I am so pleased to have found this book,"The Twentieth Wife". This novel was excellently recommended by another blogger, "Embroider the Silence". Be sure to check out her blog and read all the great writings going on there...
A wonderful romance set in the beauty and splendor of the Mughal Empire in India (1526-1858). For three and a half centuries, the Taj Mahal has haunted our imaginations. It is a tomb built by a grieving king of the Mughal Empire (1526-1858) in India in memory of his beloved wife.But it was this woman's aunt, an empress in her own right, who was the most powerful queen of that dynasty. The Twentieth Wife is the story of this Empress Nur Jahan.
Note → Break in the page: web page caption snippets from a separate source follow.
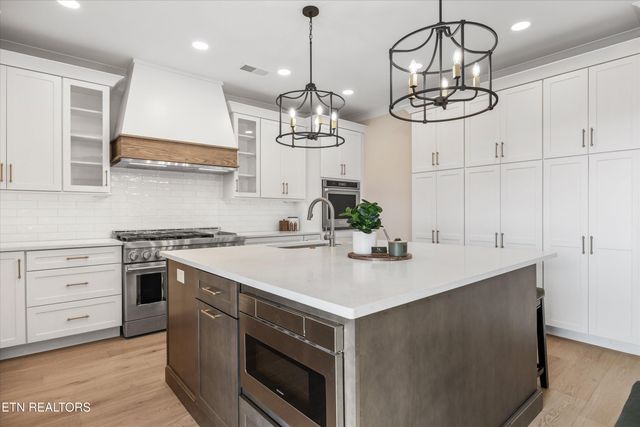 12318 Conner Springs Lane, Knoxville, TN 37932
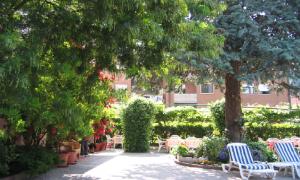 Hotel Villa Alberta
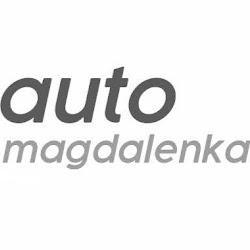 Automagdalenka - logo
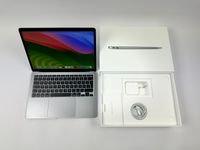 Apple MacBook Air 13,3“ M1 8C CPU 7C GPU 512 GB SSD 16 GB Ram 2 Rheinland-Pfalz - Neuburg am Rhein Vorschau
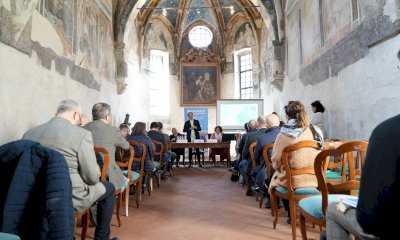 Oltre 5 milioni in arrivo per quaranta comuni, dalla valle Stura alle Terre del Monviso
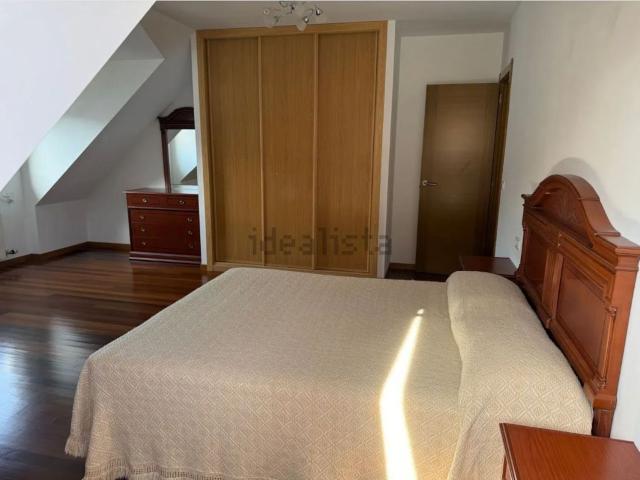 Piso en venta en Biduído, O Milladoiro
After reading her review, I picked it up from the Library on a Sunday afternoon and finished it that Friday. I love those books that you can just loose yourself in. Although, I definitely can't do this all the time. It just so happened that everyone in my family was sick and so it made it easier to indulge myself.
This book was appealing to me because of my interest in the work that my friend Leah does in India. I always find it interesting to hear about it's culture. Then as a little girl I enjoyed the dressing up in pretty fabrics and pretending to be royalty. Overall this was a pretty clean book - as love stories go, with not much in graphic descriptions.
Here is another review:
"In The Twentieth Wife, Indu Sundaresan has...chosen [characters who] are familiar but never have they been quite so human, fallible and fascinating...Sundaresan attempts to bring our history to us in a highly palatable form...The vignettes of court life, the endless feuds, the revolts, the politics of the zenana, and the pastimes of the kings, their queens, concubines and courtiers are opulently displayed in her pages...Sundaresan presents a variety of characters that are legendary, yet human and believable and who dominate the colourful canvas of the times that she has chosen to represent...Sundaresan's debut novel is well researched and presented and the reader waits for her presentation of court life in her promised sequel to this novel..."
—The Sunday Tribune (India)
So now I'm off to find the sequel titled "The Feast of Roses".